═══ Given data ═══

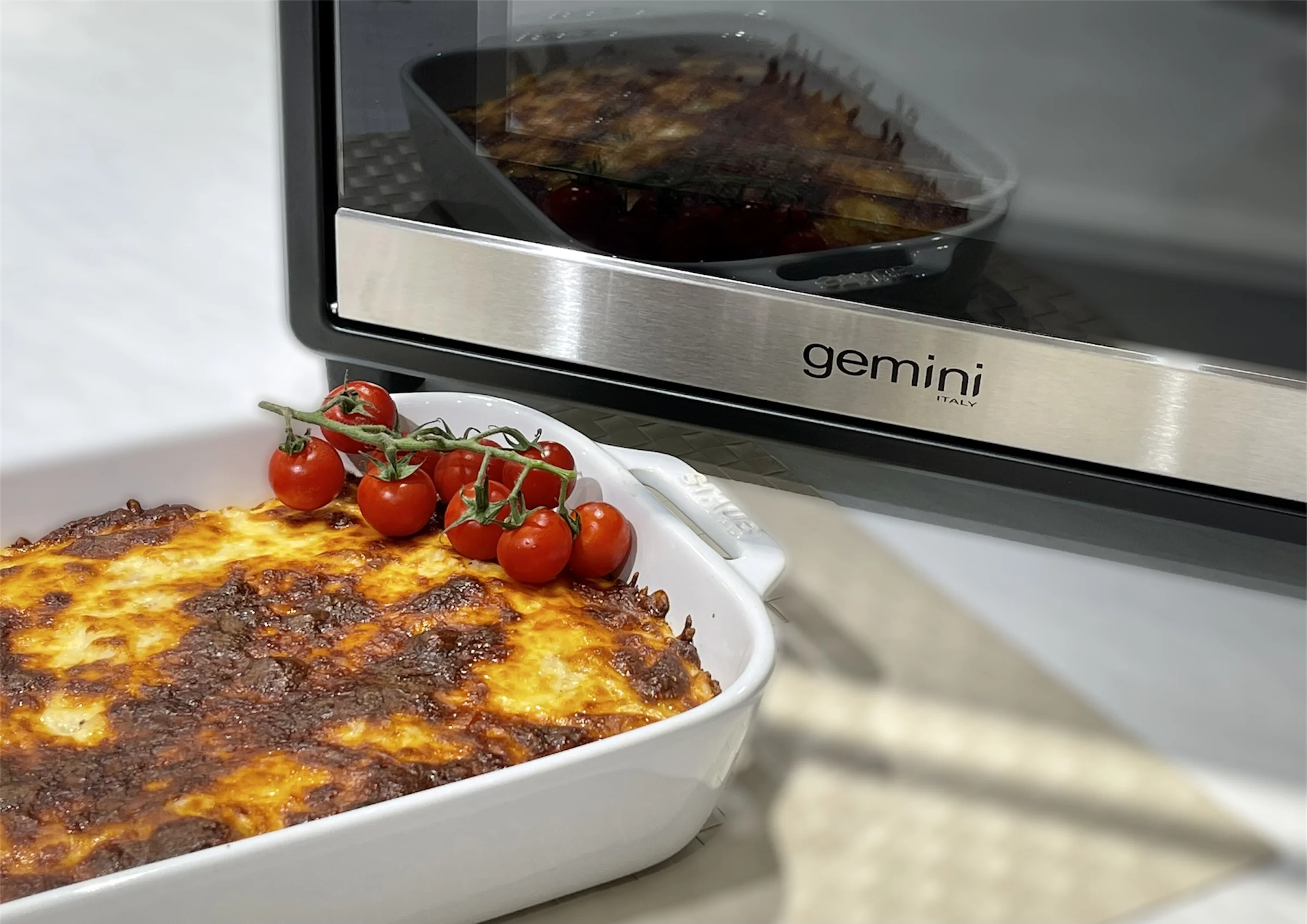 Fast Delivery Promotional Price 35L Touch Control Oven For Outdoor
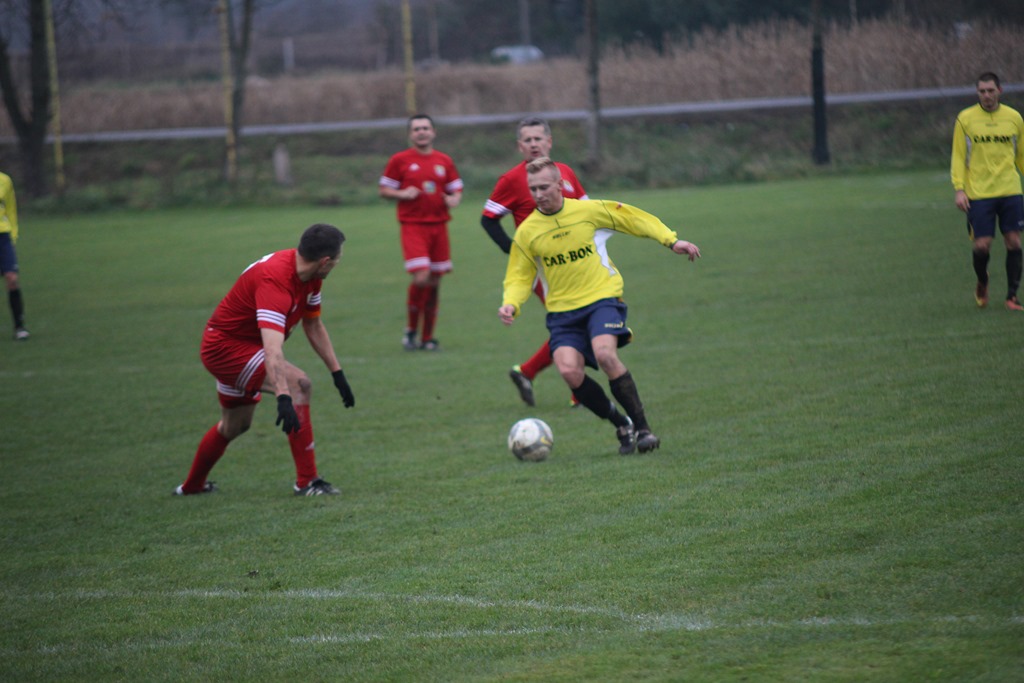 Okręgówka: Iskra - GKS Męcinka 3:1 (2:1)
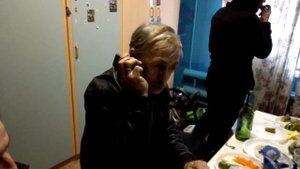 Пьяный дед разговаривает с бабкой по телефону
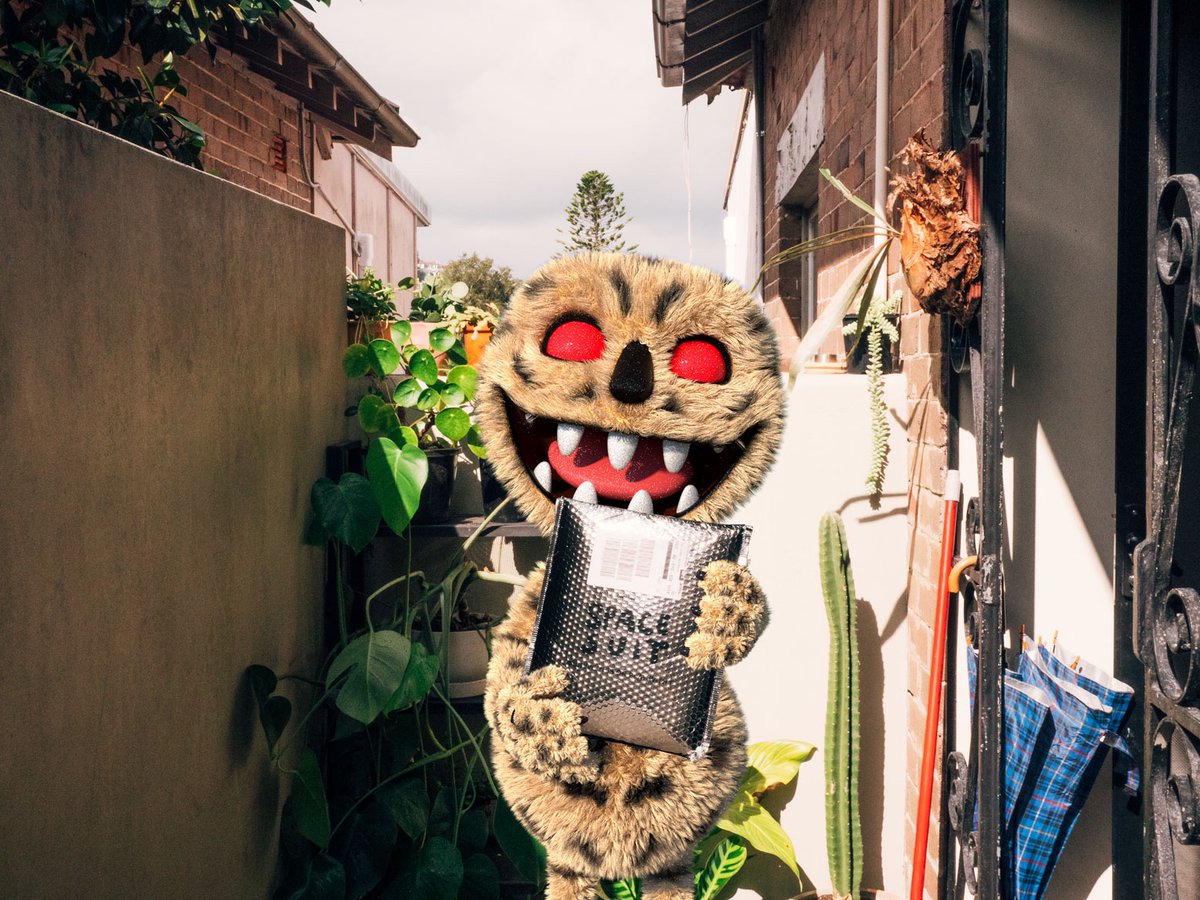 Were happy to see the space suits arrive all over Earth❤️

This one just arrived at Nicolaj and his imaginary Friends home in australia 😍❤️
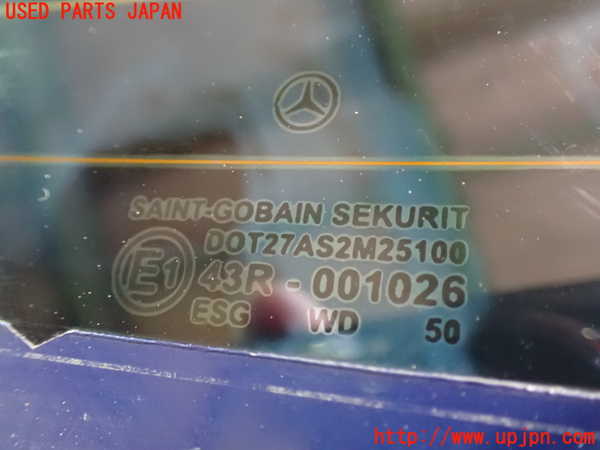 2UPJ-9238561560]ベンツ CLS550 C219(219372)リアガラス 中古  SAINT-GOBAIN SEKURIT M25100 43R-001026_3
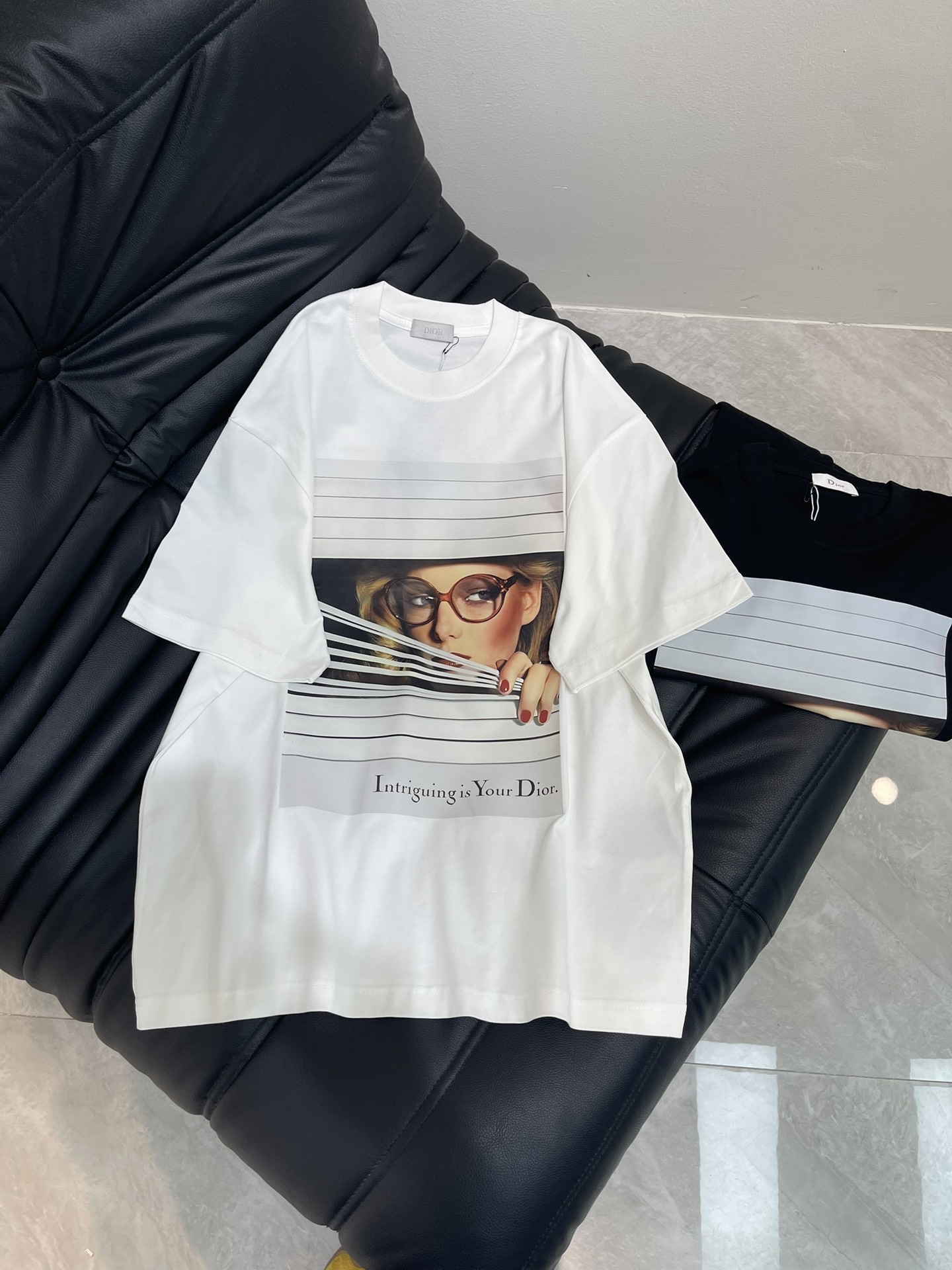 NO:424685,Dior *25 new short-sleeved T-shirt, 3D printed three-dimensional, absolute, details, neat wiring, high-end and design sense, fashionable and versatile, using high-volume combed cotton, soft and skin-friendly to the touch, super comfortable to wear with close body, breathable and won’t sweat at all. The same style for men and women!  Color black white Size XS-XL,,dior,T-shirt,tees,t-shirt,alexander wang19860909Dior *25新款短袖T恤,3D印花立体感十足 绝绝子,细节 走线工整,高级感与设计感狠狠拿捏,时尚百搭款,采用高支数精梳棉,摸起来柔软亲肤,贴身穿超级舒服,透气性一绝,完全不会闷汗.男女同款！ 颜色黑色 白色 尺码XS-XL,,dior,T-shirt,tees，t-shirt,alexander wang,Women's clothing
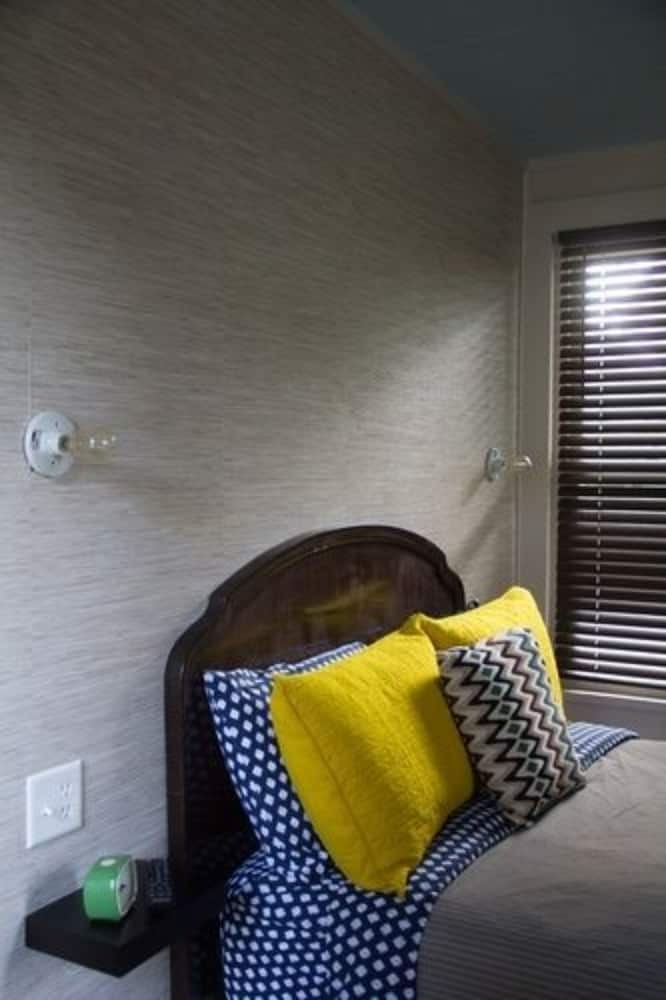 Hotel Modern Homestead Guest House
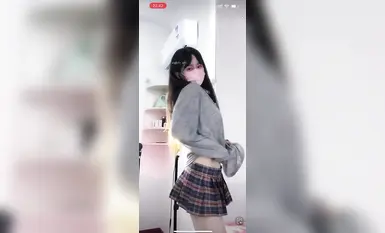 Nhóm thành viên vũ công nổi tiếng Douyin @宁向(向向) biểu diễn điệu nhảy khỏa thân quy mô lớn (35)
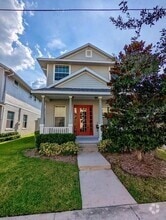 Building Photo - 1704 N Shore Terrace
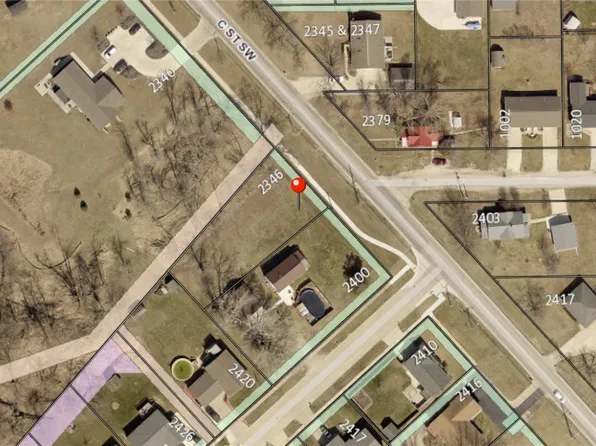 2346 C St SW, Cedar Rapids, IA 52404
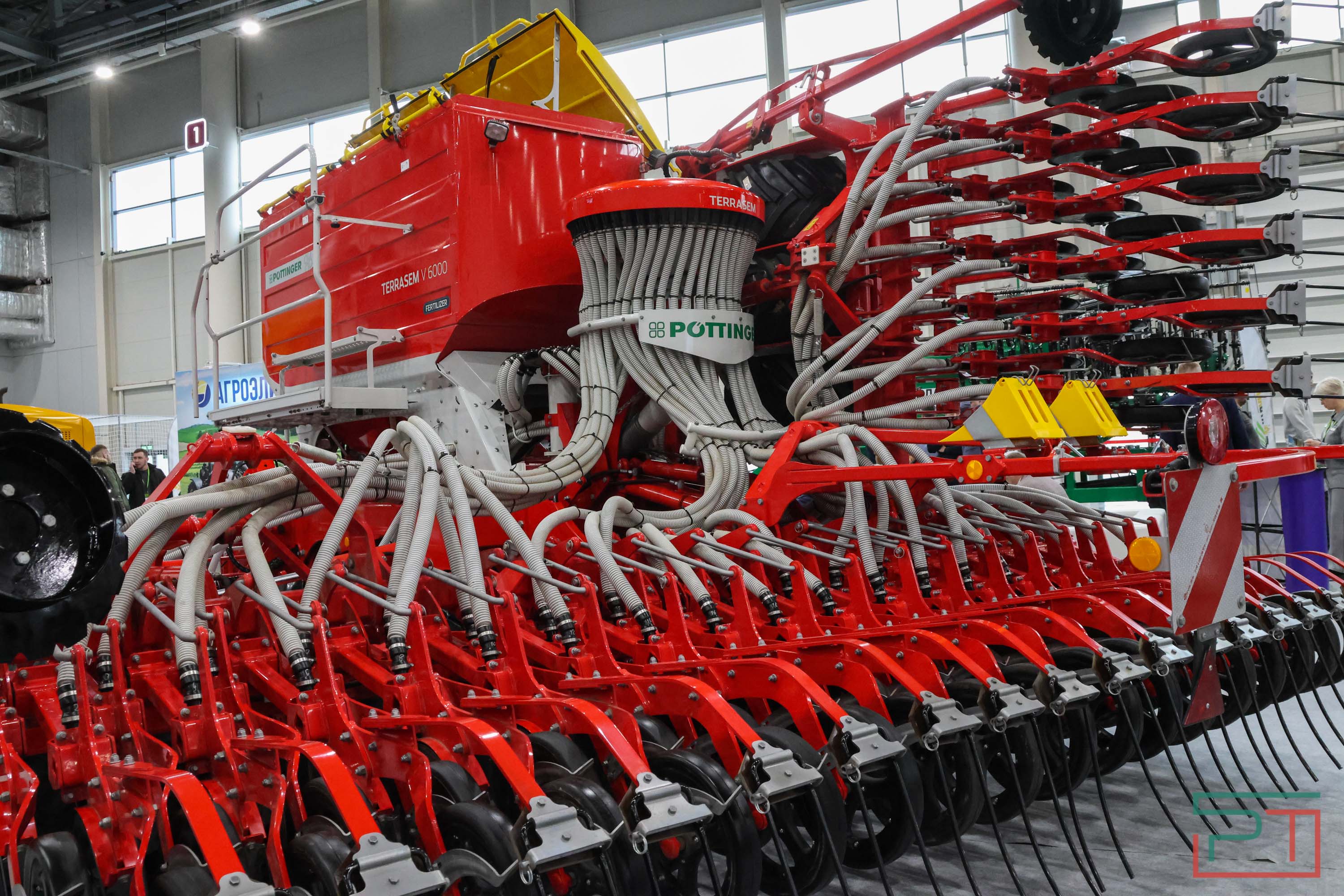 Минниханов осмотрел выставку «Казань Агро 2025»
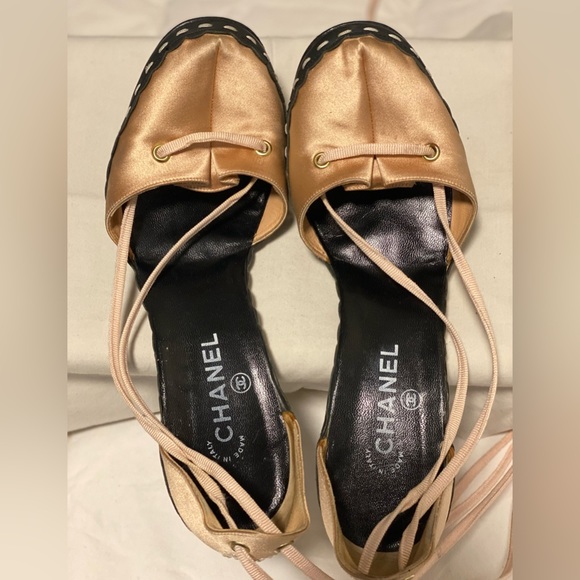 RARE FIND! Size 41/11. 2003 D’Orsay Interlocking CC Authentic Chanel Satin Pumps - Picture 8 of 12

═══

◆ Your objective
Please print an exact copy of the records, with no pictures.

◆ Task output
 Fast Delivery Promotional Price 35L Touch Control Oven For Outdoor
 Okręgówka: Iskra - GKS Męcinka 3:1 (2:1)
 Пьяный дед разговаривает с бабкой по телефону
 Were happy to see the space suits arrive all over Earth❤️

This one just arrived at Nicolaj and his imaginary Friends home in australia 😍❤️
 2UPJ-9238561560]ベンツ CLS550 C219(219372)リアガラス 中古  SAINT-GOBAIN SEKURIT M25100 43R-001026_3
 NO:424685,Dior *25 new short-sleeved T-shirt, 3D printed three-dimensional, absolute, details, neat wiring, high-end and design sense, fashionable and versatile, using high-volume combed cotton, soft and skin-friendly to the touch, super comfortable to wear with close body, breathable and won’t sweat at all. The same style for men and women!  Color black white Size XS-XL,,dior,T-shirt,tees,t-shirt,alexander wang19860909Dior *25新款短袖T恤,3D印花立体感十足 绝绝子,细节 走线工整,高级感与设计感狠狠拿捏,时尚百搭款,采用高支数精梳棉,摸起来柔软亲肤,贴身穿超级舒服,透气性一绝,完全不会闷汗.男女同款！ 颜色黑色 白色 尺码XS-XL,,dior,T-shirt,tees，t-shirt,alexander wang,Women's clothing
 Hotel Modern Homestead Guest House
 Nhóm thành viên vũ công nổi tiếng Douyin @宁向(向向) biểu diễn điệu nhảy khỏa thân quy mô lớn (35)
 Building Photo - 1704 N Shore Terrace
 2346 C St SW, Cedar Rapids, IA 52404
 Минниханов осмотрел выставку «Казань Агро 2025»
 RARE FIND! Size 41/11. 2003 D’Orsay Interlocking CC Authentic Chanel Satin Pumps - Picture 8 of 12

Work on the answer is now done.